In increasing order of verbosity, settings are none, statement, acquire_release, peers and debug. At none level DDL lock messages are only emitted at DEBUG1 and lower server log levels. statement adds LOG output whenever a statement causes an attempt to acquire a DDL lock. acquire_release also records when the lock is actually acquired and when it's subsequently released, or if it's declined, and records when peer nodes apply a remote DDL lock. peer adds more detail about the negotiation between peer nodes for DDL locks, and debug forces everything DDL-lock-related to be logged at LOG level.

Changes take effect on server configuration reload, a restart is not required.

See also Monitoring global DDL locks.

4.2.1. Less common or internal configuration variables

bdr.default_apply_delay (integer)

Sets a default apply delay for all configured connections that don't have a explicitly configured apply delay.

This is primarily useful to simulate a high latency network in a low latency testing environment. It requires a server reload to take effect.

bdr.skip_ddl_locking (boolean)

Only affects BDR. Prevents acquisiton of the the global DDL lock when executing DDL statement. This is mainly used internally, but can also be useful in other cases. This option can be set at any time, but only by superusers.

Warning

Inconsiderate usage of this option easily allows to break replication setups.

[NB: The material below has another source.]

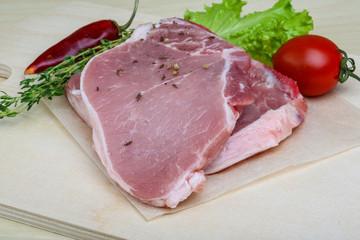 Raw pork steak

bdr.permit_unsafe_ddl_commands (boolean)

Only affects BDR. Permits execution of schema changes that cannot safely be replicated. This is primarily used internally, but can also be used in other cases. This option can be set at any time, but only by superusers.

Warning

Inconsiderate usage of this option easily allows to break replication setups.

bdr.skip_ddl_replication (boolean)

Only affects BDR. Skips replication of DDL changes made in a session where this option is set to other systems. This is primarily useful for BDR internal use, but also can be used for some intentional schema changes like adding a index only on some nodes. This option can be set at any time, but only by superusers.

Warning

Inconsiderate usage of this option easily allows to break replication setups.

bdr.do_not_replicate (boolean)

This parameter is intended for internal use only. Changes made in a transaction with this parameter set will not be queued for replication to other nodes.

Warning

Inconsiderate usage of this option easily allows to break replication setups.

bdr.trace_replay (boolean)

When on, emits a log message for each remote action processed by a BDR downstream apply worker. The message records the change type, the table affected, the number of changes since xact start, the xact's commit lsn, commit time, the upstream node and which node it was forwarded from if any. Queued DDL commands and table drops are also printed. The additional logging has a performance impact and should not be enabled when not required.

Changes take effect on server configuration reload, a restart is not required.

Note: Row field contents are not shown. Recompile BDR with VERBOSE_INSERT, VERBOSE_UPDATE and VERBOSE_DELETE defined if you want row values.

bdr.extra_apply_connection_options (boolean)

Add connection parameters to all connections made by BDR nodes to their peers. This is useful for configuring keepalives, SSL modes, etc. Settings given in an individual node's configured connection string will override these options and BDR's built-in connection options. See libpq connection strings.

Note: BDR automatically sets a fallback application name and enables more aggressive keepalives:

connect_timeout=30
keepalives=1
keepalives_idle=20
keepalives_interval=20
keepalives_count=5
         

You may override these settings with this option, e.g.:

bdr.extra_apply_connection_options = 'keepalives=0'

It is not recommended to turn keepalives off unless you are having problems with apply of a large, long running transaction running to completion on an erratic network.

Changes take effect on server configuration reload, a restart is not required.